プロット・ハウンドはもともとの血筋が「猟犬」であるため、獲物を見つけると猪突猛進に突き進んでしまうことが考えられます。そのため、人馴れトレーニングなどの適切な訓練をしないまま、一般家庭での引き取るのは難しいワンコでもあり、結果的にライアンとタークはしばらくの間、岡山県動物愛護センターで行き場を失い、不安な日々を過ごしていました。
■日大の先生と学生が引き取ることに
しかし、ある日のこと。岡山県動物愛護センターと協働を行う保護団体、認定NPO法人しあわせの種たち(以下、しあわせの種たち)のもとに、「行き場を失ったプロット・ハウンドの保護犬を迎え入れたい」という連絡が入りました。

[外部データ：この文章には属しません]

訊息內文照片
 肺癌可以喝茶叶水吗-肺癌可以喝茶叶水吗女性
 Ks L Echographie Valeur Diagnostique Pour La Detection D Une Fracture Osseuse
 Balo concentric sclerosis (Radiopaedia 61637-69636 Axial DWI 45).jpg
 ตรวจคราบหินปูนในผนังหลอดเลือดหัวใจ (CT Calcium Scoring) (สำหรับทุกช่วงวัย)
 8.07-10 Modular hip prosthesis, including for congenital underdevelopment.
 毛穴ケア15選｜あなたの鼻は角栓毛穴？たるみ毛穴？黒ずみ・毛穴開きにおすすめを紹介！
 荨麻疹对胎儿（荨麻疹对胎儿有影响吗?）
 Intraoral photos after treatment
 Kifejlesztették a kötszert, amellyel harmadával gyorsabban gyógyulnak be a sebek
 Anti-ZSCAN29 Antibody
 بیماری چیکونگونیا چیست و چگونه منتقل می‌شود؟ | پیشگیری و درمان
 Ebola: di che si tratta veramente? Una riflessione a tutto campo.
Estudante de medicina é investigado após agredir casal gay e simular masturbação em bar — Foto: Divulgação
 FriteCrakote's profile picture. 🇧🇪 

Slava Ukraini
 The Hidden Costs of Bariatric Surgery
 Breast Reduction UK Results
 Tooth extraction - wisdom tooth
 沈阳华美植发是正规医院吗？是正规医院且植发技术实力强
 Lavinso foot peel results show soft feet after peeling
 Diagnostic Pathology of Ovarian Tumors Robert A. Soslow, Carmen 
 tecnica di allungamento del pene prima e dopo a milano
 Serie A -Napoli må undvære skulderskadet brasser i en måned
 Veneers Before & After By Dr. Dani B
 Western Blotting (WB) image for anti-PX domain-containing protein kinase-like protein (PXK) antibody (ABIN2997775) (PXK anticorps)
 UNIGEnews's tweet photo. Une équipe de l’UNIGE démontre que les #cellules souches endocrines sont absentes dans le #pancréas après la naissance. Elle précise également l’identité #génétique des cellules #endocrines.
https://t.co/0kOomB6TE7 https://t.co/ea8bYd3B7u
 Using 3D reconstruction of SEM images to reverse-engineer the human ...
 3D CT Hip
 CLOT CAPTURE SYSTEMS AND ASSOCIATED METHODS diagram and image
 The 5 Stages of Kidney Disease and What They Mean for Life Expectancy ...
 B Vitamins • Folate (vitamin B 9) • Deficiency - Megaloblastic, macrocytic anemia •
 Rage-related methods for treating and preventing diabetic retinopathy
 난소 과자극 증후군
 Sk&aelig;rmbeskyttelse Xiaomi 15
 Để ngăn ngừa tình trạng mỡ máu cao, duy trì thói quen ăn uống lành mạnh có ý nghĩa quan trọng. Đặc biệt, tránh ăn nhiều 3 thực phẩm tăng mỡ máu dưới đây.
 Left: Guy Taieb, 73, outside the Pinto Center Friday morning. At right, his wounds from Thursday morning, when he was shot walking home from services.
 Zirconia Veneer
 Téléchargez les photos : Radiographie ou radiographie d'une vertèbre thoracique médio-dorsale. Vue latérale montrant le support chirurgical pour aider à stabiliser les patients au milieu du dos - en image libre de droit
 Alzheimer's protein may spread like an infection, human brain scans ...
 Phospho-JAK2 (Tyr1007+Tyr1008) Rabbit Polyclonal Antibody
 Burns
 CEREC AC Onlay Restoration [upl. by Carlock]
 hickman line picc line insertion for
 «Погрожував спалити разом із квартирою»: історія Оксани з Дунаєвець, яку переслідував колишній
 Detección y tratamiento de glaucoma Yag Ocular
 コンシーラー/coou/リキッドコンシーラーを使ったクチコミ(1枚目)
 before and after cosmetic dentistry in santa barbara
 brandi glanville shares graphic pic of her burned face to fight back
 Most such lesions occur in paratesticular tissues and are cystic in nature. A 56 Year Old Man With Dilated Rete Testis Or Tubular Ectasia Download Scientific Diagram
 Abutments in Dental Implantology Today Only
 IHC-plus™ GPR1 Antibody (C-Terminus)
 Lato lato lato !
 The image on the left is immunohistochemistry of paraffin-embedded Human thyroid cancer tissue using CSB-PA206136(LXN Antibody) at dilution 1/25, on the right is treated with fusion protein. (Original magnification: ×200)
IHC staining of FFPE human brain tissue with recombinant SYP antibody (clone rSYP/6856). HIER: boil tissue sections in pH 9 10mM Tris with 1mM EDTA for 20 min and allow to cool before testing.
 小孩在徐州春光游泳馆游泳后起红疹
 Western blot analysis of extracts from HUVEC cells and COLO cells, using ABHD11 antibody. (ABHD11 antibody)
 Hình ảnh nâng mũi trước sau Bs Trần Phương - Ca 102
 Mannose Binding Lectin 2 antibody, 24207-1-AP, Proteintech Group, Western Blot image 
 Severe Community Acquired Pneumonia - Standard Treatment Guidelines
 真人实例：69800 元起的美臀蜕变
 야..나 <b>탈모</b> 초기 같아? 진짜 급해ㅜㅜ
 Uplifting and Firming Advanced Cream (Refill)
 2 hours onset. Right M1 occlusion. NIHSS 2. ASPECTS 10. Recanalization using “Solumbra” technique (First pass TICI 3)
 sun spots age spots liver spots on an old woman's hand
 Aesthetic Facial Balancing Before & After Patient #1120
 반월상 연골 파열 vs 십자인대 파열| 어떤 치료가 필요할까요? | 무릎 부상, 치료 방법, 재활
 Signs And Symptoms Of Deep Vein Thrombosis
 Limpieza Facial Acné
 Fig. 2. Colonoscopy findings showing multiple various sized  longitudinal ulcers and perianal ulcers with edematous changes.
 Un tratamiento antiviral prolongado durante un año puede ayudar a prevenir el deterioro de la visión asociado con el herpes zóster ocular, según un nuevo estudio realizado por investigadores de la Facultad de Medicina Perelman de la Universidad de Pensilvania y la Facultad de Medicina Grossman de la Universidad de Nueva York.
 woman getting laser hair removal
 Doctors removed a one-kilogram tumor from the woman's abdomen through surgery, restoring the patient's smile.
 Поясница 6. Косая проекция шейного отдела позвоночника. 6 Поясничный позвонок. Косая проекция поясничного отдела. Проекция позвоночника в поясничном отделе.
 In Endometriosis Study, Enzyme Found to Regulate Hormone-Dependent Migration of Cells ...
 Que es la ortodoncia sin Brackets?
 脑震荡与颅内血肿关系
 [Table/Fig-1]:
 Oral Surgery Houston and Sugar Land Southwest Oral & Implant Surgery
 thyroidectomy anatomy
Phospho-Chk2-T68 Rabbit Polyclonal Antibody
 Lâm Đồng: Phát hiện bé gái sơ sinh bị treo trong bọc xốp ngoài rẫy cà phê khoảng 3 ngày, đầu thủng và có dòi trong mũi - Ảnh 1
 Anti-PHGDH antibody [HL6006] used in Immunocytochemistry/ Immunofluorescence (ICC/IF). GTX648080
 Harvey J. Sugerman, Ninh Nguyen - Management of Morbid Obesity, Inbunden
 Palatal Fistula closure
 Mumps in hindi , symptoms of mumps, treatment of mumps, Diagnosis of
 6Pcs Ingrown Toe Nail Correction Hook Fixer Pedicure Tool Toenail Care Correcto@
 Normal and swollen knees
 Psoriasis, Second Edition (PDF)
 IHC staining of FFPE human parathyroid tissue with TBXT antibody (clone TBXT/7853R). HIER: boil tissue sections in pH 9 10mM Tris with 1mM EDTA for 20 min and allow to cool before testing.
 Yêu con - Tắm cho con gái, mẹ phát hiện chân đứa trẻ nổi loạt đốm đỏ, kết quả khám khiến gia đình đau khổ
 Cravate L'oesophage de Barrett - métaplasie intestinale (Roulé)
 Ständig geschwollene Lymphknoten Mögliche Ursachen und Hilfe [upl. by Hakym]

連絡してきたのは日本大学生物資源科学部(伴侶動物学研究室)の福澤めぐみ先生。福澤先生の学科では「動物を知れば『ヒト』という動物も豊かになる!」として、動物生命科学、動物生産科学、動物環境科学の観点から研究を重ね、教科書にはなかなか載らない動物の「謎」と「不思議」について学生たちに学びの機会を提供しているそうです。
福澤先生は以前にもプロット・ミックスの保護犬を引き取り、大学で家庭犬になれるような訓練をした後、別の心ある里親さんへ譲渡。福澤先生のもとで訓練したワンコは、今も家庭犬として幸せに暮らしているそうです。
ただし、今回の連絡で福澤先生はタークとライアンのどちらかの引き取りを希望しているようでした。しかし、引き上げる前の面会の際、福澤先生は2頭を受け入れました。岡山県動物愛護センターの職員としあわせの種たちのスタッフは、2頭を一緒に受け入れてくれた福澤先生と学生のみなさんにお礼の気持ちを伝えました。
■研究を兼ねた訓練を重ね、後には里親さんへの譲渡を目指す
タークとライアンは、これから福澤先生の指導のもと、学生のみなさんとトレーニングをがんばりながら、引き続き里親募集をする予定です。
かつて大学での研究も兼ねて訓練をし、後に幸せをつかんだプロット・ミックスの保護犬のように、タークとライアンもこれから多くの学生のみなさんと接しながら、やがていつの日か幸せな日を迎えることでしょう。